Kilka lat temu Kasia i Artur Szuba postanowili zatrzymać w kadrze pamięci ludzi i wydarzenia muzyczne lat osiemdziesiątych. Pociągnęli za języki swoich znajomych, wśród których znalazły się postaci ważne dla polskiej muzyki wówczas i dziś. Tak powstał cykl wywiadów traktujących o muzyce tamtych lat, a zatytułowanych razem “Gdzie oni są?” Miała z tego materiału powstać książka, ale różne względy uniemożliwiły jej wydanie. Całość, po latach, po raz pierwszy światło dzienne ujrzy w megaZinie dopiero teraz. Stąd wiele faktów, informacji i zapowiedzi jest już dziś nieaktualna. Postanowiliśmy je jednak zachować, by pokazać kontekst tych wszystkich rozmów.

Wywiad zamieszczony poniżej to demo właściwego tekstu, który po redakcji i aktualizacji znajdzie się w książce “Gdzie oni są?”, której wydanie sfinansowane zostanie przez Fanów MegaTotal.pl. Jeśli chcesz być jednym z nich, kliknij tutaj.

Sławomir Ciesielski – perkusista Republiki.

Czy jako muzyk byłeś także fanem Republiki?

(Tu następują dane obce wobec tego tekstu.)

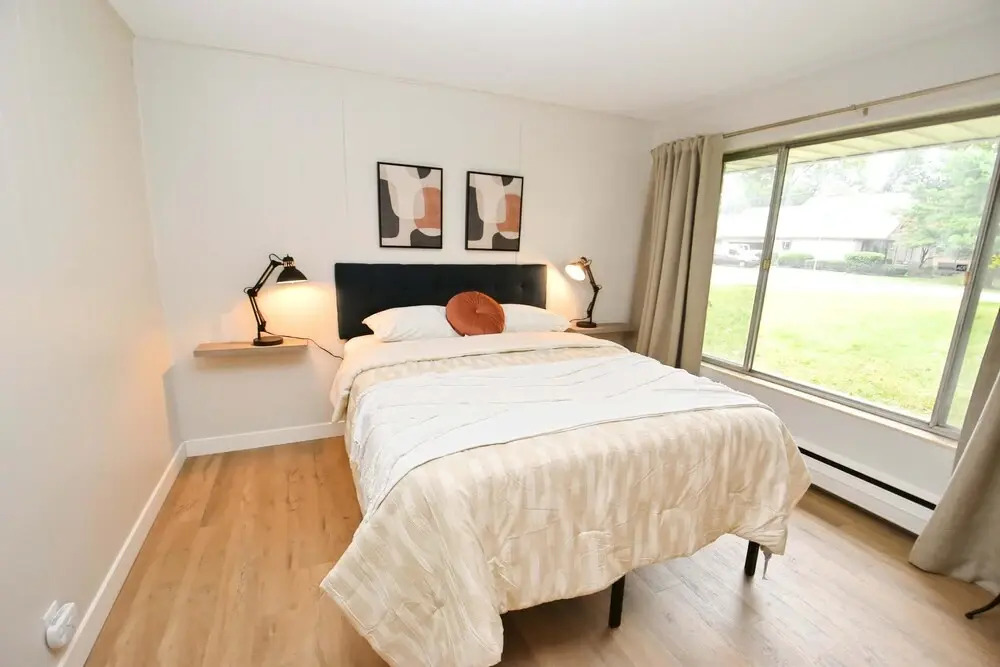 Mid Century Modern With Modern Touches 10 min Walk to Notre Dame 1831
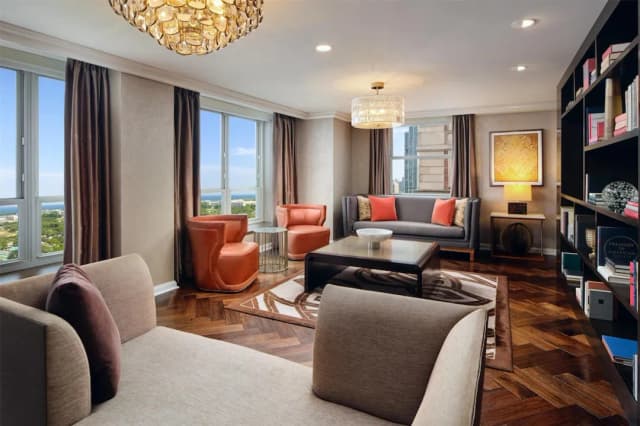 Hilton Chicago-Presidential Suite, Multiple Beds-8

Jako muzyk Republiki nie byłem jej fanem w tradycyjnym znaczeniu tego słowa.. Oczywiście pochłaniało mnie to do końca, bo byłem przecież współtwórcą zespołu, czasem jego muzyki. Odbierałem to jako swoje codzienne zajęcie, jako coś, co zawsze wraca. W bębnach zakochałem się już w dzieciństwie. Moim marzeniem było grać w jakiejś dobrej rockowej kapeli i to mi się udało. Początkowo granie z Republiką było spełnieniem marzeń, no a potem stało się sposobem na życie.

Czego więc słuchałeś prywatnie poza zawodowym słuchaniem dźwięków Republiki?

Prywatnie… Nie odrzucam żadnej muzyki, po prostu lubię ją ogólnie. Z równym zainteresowanie słucham jazzu, jak i muzyki klasycznej czy też totalnego popu. Słuchałem i słucham wszystkiego.

Jak odbierałeś waszych fanów – zjawiska nietuzinkowego, którego w obecnych czasach już chyba nie da się powtórzyć?

To było ogromnie miłe, bo gdziekolwiek byśmy się nie ruszyli, fani byli z nami. Oczywiście ubrani na czarno, w krawatach w czarno-białe pasy. Nie pozwalali nam zapomnieć, że są ludzie, którzy chcą nas słuchać, którzy nas lubią i szanują.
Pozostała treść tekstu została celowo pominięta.